Personal details
- Born: Edna May Brower November 30, 1899 Wawanesa, Manitoba, Canada
- Died: February 7, 1951 (aged 51)
- Party: Progressive Conservative
- Spouse: John Diefenbaker ​(m. 1929)​

= Edna Diefenbaker =

Canadian political spouse (1899–1951)

Edna May Diefenbaker ( Brower; November 30, 1899 – February 7, 1951) was the first wife of the 13th Prime Minister of Canada, John Diefenbaker.

== Early life ==
She was born in Wawanesa, Manitoba, and worked as a schoolteacher at Mayfair Elementary School in Saskatoon, Saskatchewan before marrying John Diefenbaker in 1929.

== Political life ==
Her marriage brought an end to her teaching career, and Diefenbaker devoted her energies to the advancement of her husband's political career. She would visit towns before her husband so that he was prepared with information on the inhabitants. She also edited her husband's speeches, and often acted as chauffeur, driving him to meetings. Perhaps most importantly, she helped him to overcome his shyness and develop into a "man of the people", which would help him in his future political successes.

Upon her husband's election as a Progressive Conservative member of Parliament Diefenbaker worked on his behalf in an unpaid capacity. She was a constant presence in the visitor's gallery in the House of Commons of Canada, and played an important role in establishing close relationships between her husband and reporters in the Ottawa press gallery.

William Lyon Mackenzie King once asserted that if he had met Edna before John did, she would have become his wife instead of John's.

John, however, may have had at least one extramarital affair during their marriage, as a group of brothers with a significant physical resemblance to John Diefenbaker later learned that their father, who had been placed for adoption in 1939, was the birth son of the Diefenbakers' housekeeper. Although John had no children with either of his wives who could take DNA tests to confirm a relationship, the brothers did get a DNA match to another man, George Dryden, who also already believed that John Diefenbaker was his biological father, although he was born during John's second marriage following Edna's death.

The Diefenbaker House in Prince Albert, Saskatchewan, was purchased by John and Edna during their marriage.

==Illness and death==
In later years, she suffered from depression as she entered menopause, and was subjected to electroshock treatment.
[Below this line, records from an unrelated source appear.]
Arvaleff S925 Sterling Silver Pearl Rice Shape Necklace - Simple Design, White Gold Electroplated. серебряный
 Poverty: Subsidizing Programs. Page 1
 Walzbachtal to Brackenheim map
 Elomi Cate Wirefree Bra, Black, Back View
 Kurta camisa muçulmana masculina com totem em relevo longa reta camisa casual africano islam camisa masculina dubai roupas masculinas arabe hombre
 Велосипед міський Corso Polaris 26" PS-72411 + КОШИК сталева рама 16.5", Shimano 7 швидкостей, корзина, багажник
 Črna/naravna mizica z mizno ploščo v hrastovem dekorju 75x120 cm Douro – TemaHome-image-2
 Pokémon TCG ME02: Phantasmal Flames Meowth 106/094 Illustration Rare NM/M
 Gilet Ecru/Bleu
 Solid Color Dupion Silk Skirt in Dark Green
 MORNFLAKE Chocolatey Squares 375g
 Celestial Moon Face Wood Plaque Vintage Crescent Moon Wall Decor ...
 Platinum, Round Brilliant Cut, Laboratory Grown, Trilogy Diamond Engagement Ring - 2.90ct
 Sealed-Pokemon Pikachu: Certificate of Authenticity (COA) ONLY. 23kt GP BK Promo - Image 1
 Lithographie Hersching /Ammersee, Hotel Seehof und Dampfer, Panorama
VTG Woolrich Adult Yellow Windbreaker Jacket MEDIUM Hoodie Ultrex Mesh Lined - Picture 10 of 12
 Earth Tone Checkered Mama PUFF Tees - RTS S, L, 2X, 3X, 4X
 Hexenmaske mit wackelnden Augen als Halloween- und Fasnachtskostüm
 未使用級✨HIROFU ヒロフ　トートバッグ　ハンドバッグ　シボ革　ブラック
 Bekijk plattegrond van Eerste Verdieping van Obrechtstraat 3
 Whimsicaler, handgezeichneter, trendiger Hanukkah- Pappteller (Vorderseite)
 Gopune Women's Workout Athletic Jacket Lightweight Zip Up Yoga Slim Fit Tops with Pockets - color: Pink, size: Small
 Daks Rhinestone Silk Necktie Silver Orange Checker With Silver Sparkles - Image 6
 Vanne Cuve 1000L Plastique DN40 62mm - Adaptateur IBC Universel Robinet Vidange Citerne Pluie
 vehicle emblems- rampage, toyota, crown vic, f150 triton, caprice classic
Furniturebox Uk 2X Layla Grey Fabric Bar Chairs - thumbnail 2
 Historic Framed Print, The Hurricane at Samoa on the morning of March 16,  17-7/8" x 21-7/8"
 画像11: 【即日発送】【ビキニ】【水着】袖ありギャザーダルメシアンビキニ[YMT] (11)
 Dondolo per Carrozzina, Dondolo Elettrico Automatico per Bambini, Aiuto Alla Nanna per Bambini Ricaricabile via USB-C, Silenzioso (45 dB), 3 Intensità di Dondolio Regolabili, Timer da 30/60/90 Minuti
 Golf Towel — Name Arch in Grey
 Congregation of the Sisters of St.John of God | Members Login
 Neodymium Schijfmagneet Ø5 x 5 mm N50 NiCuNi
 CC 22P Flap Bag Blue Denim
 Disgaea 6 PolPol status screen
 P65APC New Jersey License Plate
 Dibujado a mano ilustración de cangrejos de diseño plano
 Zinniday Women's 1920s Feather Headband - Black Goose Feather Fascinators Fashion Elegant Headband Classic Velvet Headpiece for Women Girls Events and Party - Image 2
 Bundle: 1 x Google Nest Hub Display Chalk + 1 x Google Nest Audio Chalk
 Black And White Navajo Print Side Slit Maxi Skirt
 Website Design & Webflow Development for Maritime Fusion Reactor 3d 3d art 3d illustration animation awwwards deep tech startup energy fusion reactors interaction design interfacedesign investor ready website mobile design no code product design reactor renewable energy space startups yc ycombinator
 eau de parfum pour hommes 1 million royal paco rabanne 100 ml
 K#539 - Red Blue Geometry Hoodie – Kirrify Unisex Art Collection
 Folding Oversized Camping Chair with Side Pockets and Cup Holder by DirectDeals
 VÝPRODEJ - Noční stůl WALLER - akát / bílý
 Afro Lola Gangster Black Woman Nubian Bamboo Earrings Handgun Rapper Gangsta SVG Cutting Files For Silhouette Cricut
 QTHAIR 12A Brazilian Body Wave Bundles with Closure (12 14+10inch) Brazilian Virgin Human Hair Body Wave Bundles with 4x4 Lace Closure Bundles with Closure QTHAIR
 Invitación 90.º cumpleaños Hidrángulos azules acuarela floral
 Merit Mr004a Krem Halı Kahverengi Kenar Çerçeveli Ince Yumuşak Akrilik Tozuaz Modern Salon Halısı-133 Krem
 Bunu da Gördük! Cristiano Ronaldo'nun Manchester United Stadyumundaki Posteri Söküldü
She died of leukaemia in 1951, six years before her husband became prime minister. MPs in the House of Commons of Canada gave her "unprecedented eulogies" for a non-MP. John Diefenbaker later married Olive Palmer, his wife during his term as prime minister. Edna Diefenbaker is interred at Woodlawn Cemetery.

==Legacy==
In 1982, Diefenbaker became the focus of Simma Holt's book The Other Mrs. Diefenbaker, which traced the ways in which her influence and support had been instrumental in John Diefenbaker's political career. Author Heather Robertson also wrote on her and other spouses of Canadian prime ministers in the 1991 book More Than a Rose.

Although officially named the John and Olive Diefenbaker Museum due to Olive's status as John's wife during his term as prime minister, the Diefenbaker House museum does include materials related to Edna in its exhibits.